(Records drawn from a dataset)
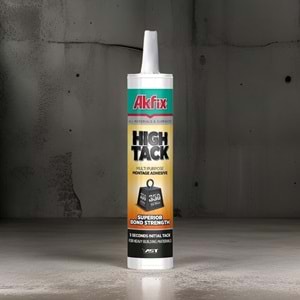 Akfix High Tack Korniş/Kornej Yapıştırıcı Beyaz 290ml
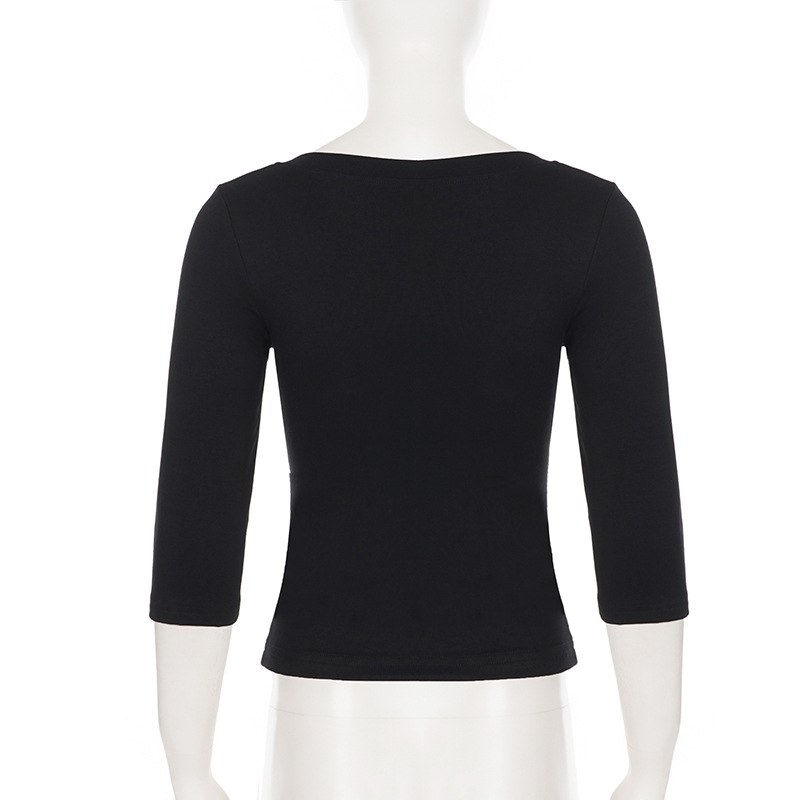 Cropped Feminino de Tricô com Modelagem Ajustada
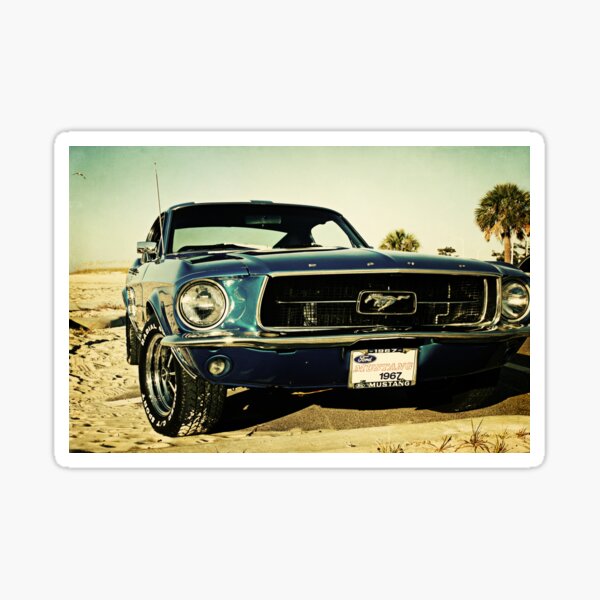 1967 Mustang Sticker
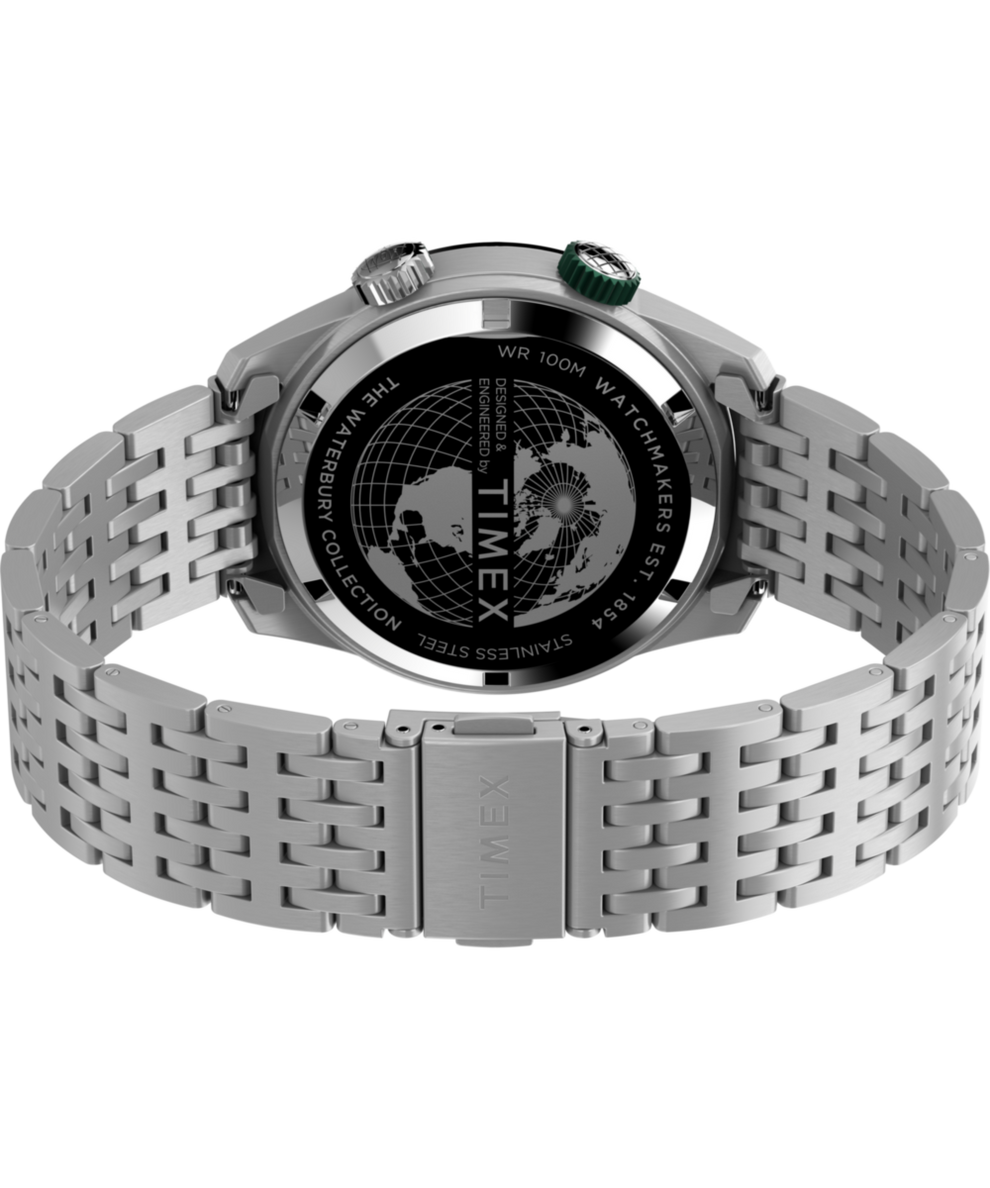 TW2V49700 Waterbury Dive 41mm Stainless Steel Bracelet Watch Caseback with Attachment Image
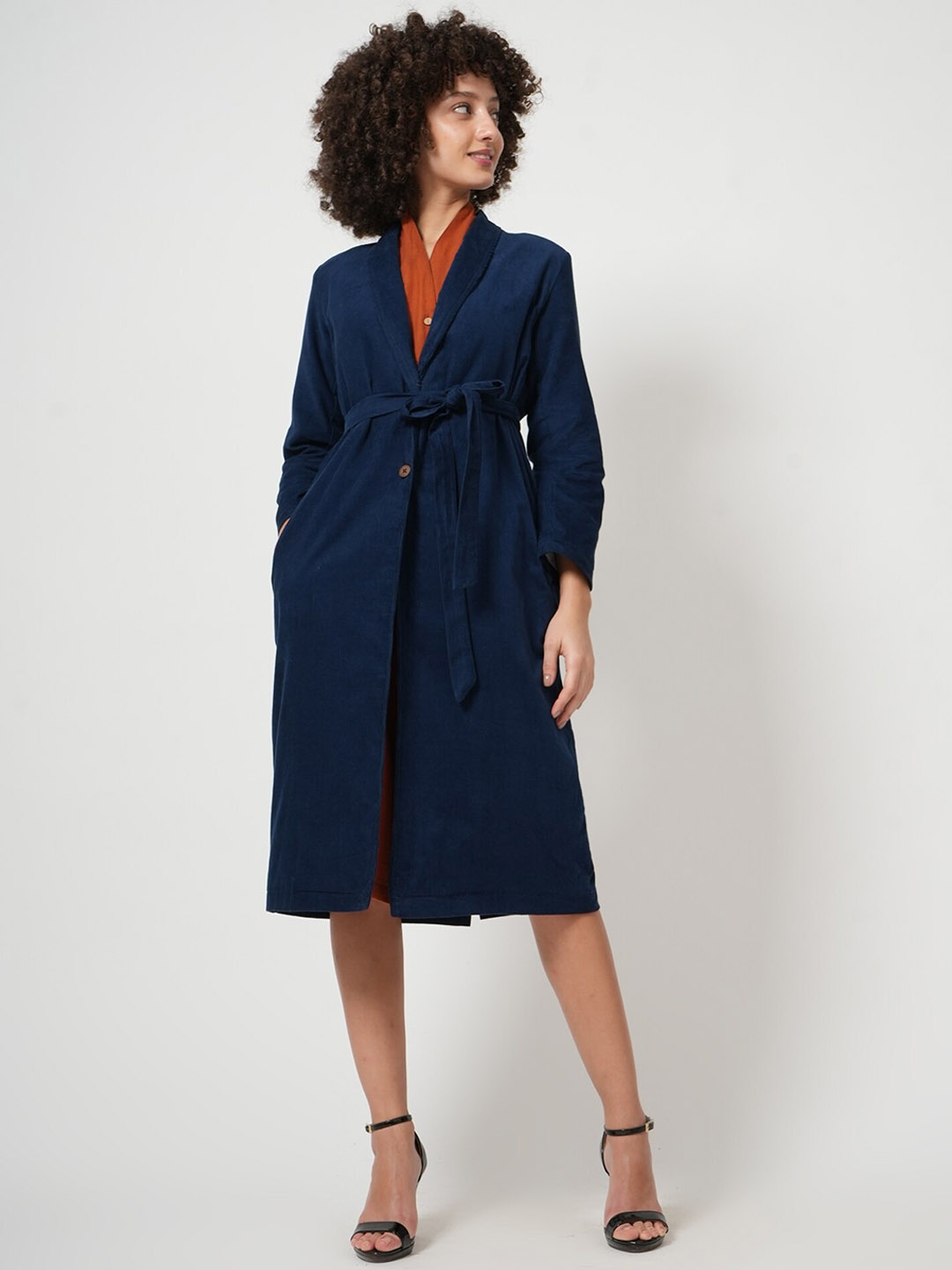 

Saltpetre Organic Cotton Fit & Flare Dress, Rust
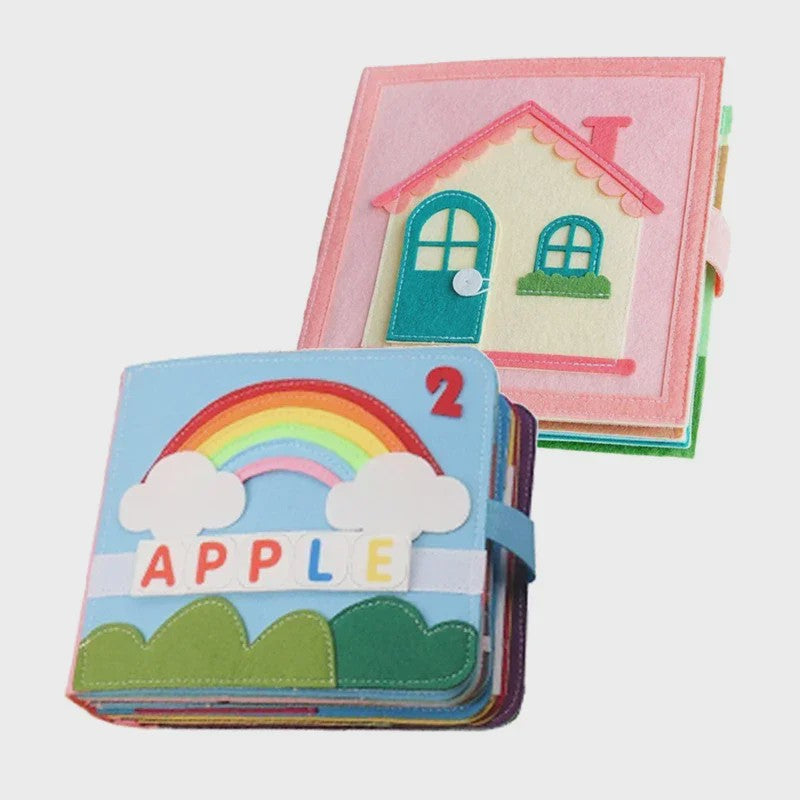 Montessori Busy Book voor Peuters - Interactief Leerboek voor Baby's en Kinderen - Educatief Reisspelletje
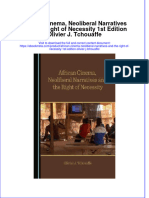 Ebook African Cinema Neoliberal Narratives and The Right of Necessity 1St Edition Olivier J Tchouaffe Online PDF All Chapter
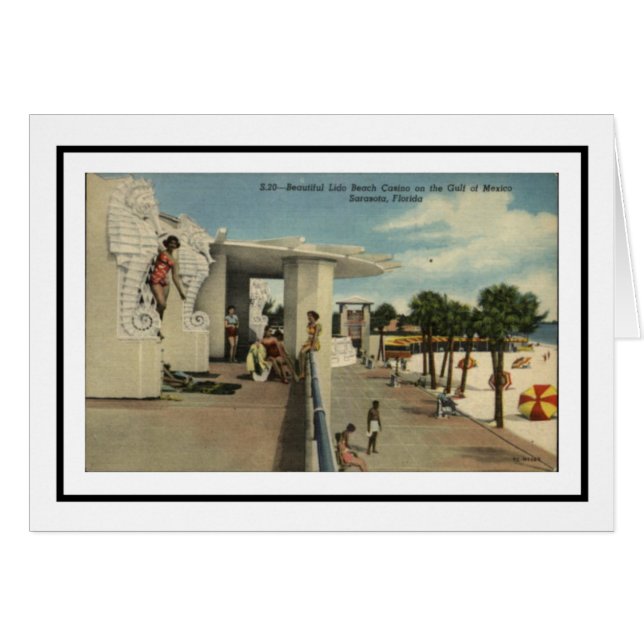 Lido Beach Casino Sarasota, Florida (Voorkant Horizontaal)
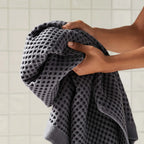 Waffle Bath Towels Set of 2 in 100% Long-Staple Turkish Cotton,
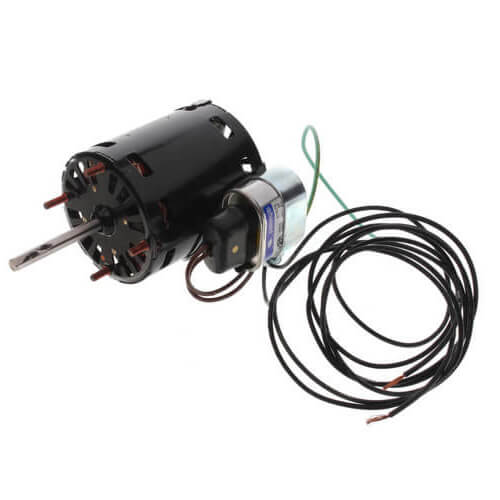 Fasco D1123 inducer motor - front view (Type: Permanent Split Capacitor; Voltage: 230V, 208V)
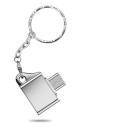 Adaptador Micro USB macho para USB fêmea para telefone e tablet Com anel para chaves Liga de alumínio Transferência de dados 480 Mbps 2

**REQUIRED WORK**
The lines from the one holding "TW2V49700 Waterbury Dive" through the end of the entries are to be transcribed exactly, both ends included, with the pictures left out.

**FINAL ANSWER**
 TW2V49700 Waterbury Dive 41mm Stainless Steel Bracelet Watch Caseback with Attachment Image

Saltpetre Organic Cotton Fit & Flare Dress, Rust
 Montessori Busy Book voor Peuters - Interactief Leerboek voor Baby's en Kinderen - Educatief Reisspelletje
 Ebook African Cinema Neoliberal Narratives and The Right of Necessity 1St Edition Olivier J Tchouaffe Online PDF All Chapter
 Lido Beach Casino Sarasota, Florida (Voorkant Horizontaal)
 Waffle Bath Towels Set of 2 in 100% Long-Staple Turkish Cotton,
 Fasco D1123 inducer motor - front view (Type: Permanent Split Capacitor; Voltage: 230V, 208V)
 Adaptador Micro USB macho para USB fêmea para telefone e tablet Com anel para chaves Liga de alumínio Transferência de dados 480 Mbps 2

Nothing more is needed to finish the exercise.